Illustrated German-language literary book series

The Juncker-Bücher (Note: Sometimes also called Junckerbücher.) (“Juncker Books”) are an illustrated German-language literary book series published by the Axel Juncker Verlag in Berlin-Charlottenburg from 1917 until 1919, with announced 12 volumes, which did not all appear. (Note: The last volume recorded in the German National Library carries the number 12 (DNB), the publication of the number 8 ("Clemens Brentano. Das Märchen vom Kommanditchen. Mit Bildern von Hugo Steiner-Prag.") was announced, but it did not appear (cf. f.e. Eskimomärchen).)

== Introduction ==
The volumes of the series contain both German-language works and translations from other languages, comparable to the volumes of the Insel-Bücherei. They were issued in a relative small, handy format. The first volume is the German novella Aus dem Leben eines Taugenichts (Memoirs of a Good-for-Nothing) by Joseph Freiherr von Eichendorff, the ninth was the French work Die Geschichte des Spießbürgers (Bourgeois de Paris) by Henry Monnier. Various renowned (especially German) artists contributed to the design of the volumes, some of them appeard as luxury editions.

== Volumes ==
The following titles were published in the series:

- 1. Joseph Freiherr von Eichendorff. Aus dem Leben eines Taugenichts. Novelle. Mit Scherenschnitten von Alfred Thon.
- 2. Erich M. Simon. Das Abenteuer des Herrn Balthasar Dienegott Sieversen.
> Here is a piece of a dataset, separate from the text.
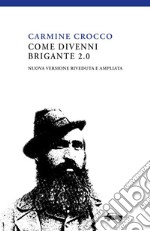 Come divenni brigante 2.0. Ediz. ampliata libro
Erzählung. Mit Bildern des Verfassers.
- 3. Franziska Mann. Der Schäfer. Eine Geschichte aus der Stille. Mit Scherenschnitten von Alfred Thon.
- 4. Wilhelm Hauff. Phantasien im Bremer Ratskeller: Ein Herbstgeschenk für Freunde des Weines. Novelle. Mit Bildern von Paul Scheurich.
- 5. Heinrich Clauren. Mimili. Novelle. Mit Bildern von Hugo Steiner-Prag.
- 6. Lucian. Göttergespräche. Übersetzt von Chr. Wieland. Mit Bildern von Paul Scheurich.
- 7. Friedrich Schlegel. Lucinde. Mit Radierungen von Mart. E. Philipp.
- 9. Henry Monnier. Die Geschichte des Spießbürgers. Übersetzt von Hans Pfeifer. Mit Bildern nach alten Kupfern von Monnier.
- 10. E. T. A. Hoffmann. Aus dem Leben dreier Freunde. Mit Zeichnungen von Felix Müller.
- 11. A. Puschkin. Die Reise nach Erzerum. Eine Novelle. Mit Bildern von Benno Wulfsohn.
- 12. Agnes Henningsen. Das Glück. Eine spanische Liebesgeschichte. Mit Zeichnungen von Fritz Albrecht.